At Jagersfontein there was a similar demonstration, led by a jet-black Mozambique lady. She and a number of others were arrested and sentenced to various terms of imprisonment. The sentences ranged from about three weeks to three months, and the fines from 10s. to 3 Pounds. They all refused to pay the fines, and said their little ones could be entrusted to the care of Providence till their mothers and sisters have broken the shackles of oppression by means of passive resistance. As the prison authorities were scarcely prepared for such a sudden influx of prisoners there was not sufficient accommodation for fifty-two women, who were conveyed on donkey carts to the adjoining village of Fauresmith.
When this happened, Winburg, the old capital of the "Free" State, also had a similar trouble. Eight hundred women marched from the native location to the Town Hall, singing hymns, and addressed the authorities. They were tired of making friendly appeals which bore no fruit from year's end to year's end, so they had resolved, they said, to carry no more passes, much less to pay a shilling each per month, PER CAPITA, for passes. A procession of so many women would attract attention even in Piccadilly, but in a "Free" State dorp it was a stupendous event, and it made a striking impression. The result was that many of the women were arrested and sent to prison, but they all resolutely refused to pay their fines, and there was a rumour that the Central Government had been appealed to for funds and for material to fit out a new jail to cope with the difficulty.
This movement served to exasperate the authorities, who rigorously enforced the law and sent them to jail. The first batch of prisoners from Bloemfontein were conveyed south to Edenburg; and as further batches came down from Bloemfontein they had to be retransferred north to Kroonstad. In the course of our tour in connexion with the Natives' Land Act in August, 1913, we spent a week-end with the Rev. A. P. Pitso, of the last-named town. Thirty-four of the women passive resisters were still incarcerated there, doing hard labour. Mrs. Pitso and Mrs. Michael Petrus went with us on the Sunday morning to visit the prisoners at the jail.
A severe shock burst upon us, inside the prison walls, when the matron withdrew the barriers and the emaciated figures of ladies and young girls of our acquaintance filed out and greeted us. It was an exceptionally cold week, and our hearts bled to see young women of Bloemfontein, who had spent all their lives in the capital and never knew what it was to walk without socks, walking the chilly cemented floors and the cold and sharp pebbles without boots. Their own boots and shoes had been taken off, they told us, and they were, throughout the winter, forced to perform hard labour barefooted.

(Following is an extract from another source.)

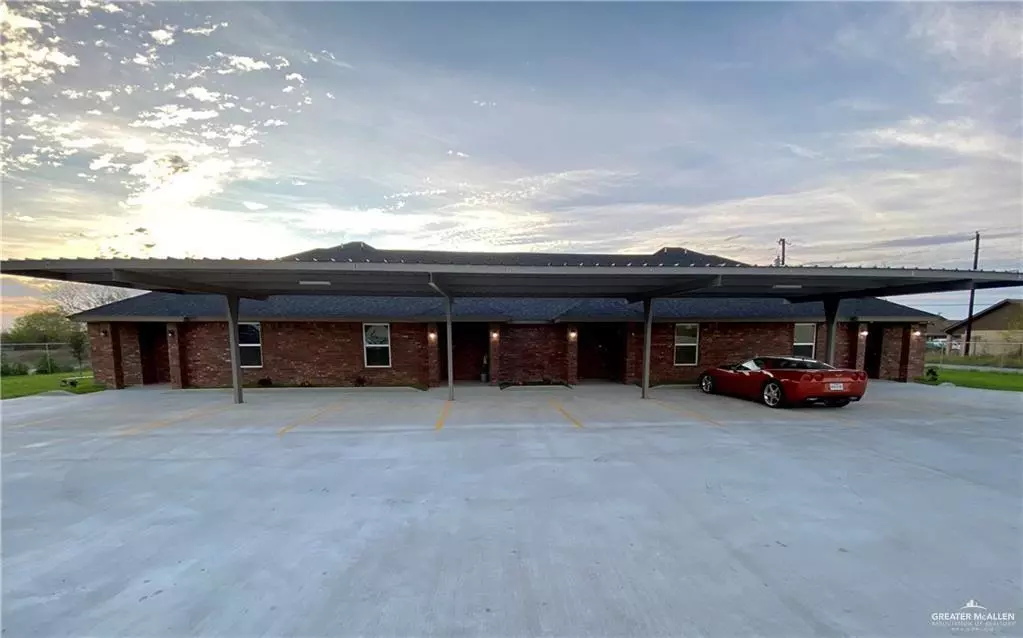 Edinburg, TX 78542,5206 Murillo ST #1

Was ever inhumanity more cold-blooded?
Do these "Free" Staters consider their brutality less brutal because it happens to be sanctioned by law?
Is Heaven so entirely unmindful of our case that it looks on with indifference when indignity upon indignity is heaped, not only upon our innocent men, but even upon our inoffensive women?
Tears rolled down our cheeks as we saw the cracks on their bare feet, the swellings and chronic chilblains, which made them look like sheep suffering from foot-and-mouth disease. It was torture to us to learn the kind of punishment to which they were subjected and the nature of the work they were called upon to perform; these facts were stated to us in the presence of the prison officials, and they were communicated by us to the Native Affairs Department merely as a matter of course. But what must be the effect of this brutal punishment upon girls who knew only city life? To our surprise, however, they vowed never to buy passes, even if they had to come back.
A month later, when we visited Bloemfontein, a majority of those who were at the Kroonstad jail had already returned to their homes, and the family doctors were doing a roaring trade. Their practice, too, was most likely to continue to boom as the sufferers were still determined to buy no more women's passes.
This determination caused a white man to suggest that "instead of being sent to prison with hard labour, these madcaps should be flogged" — and this because the women refuse to be outraged by law.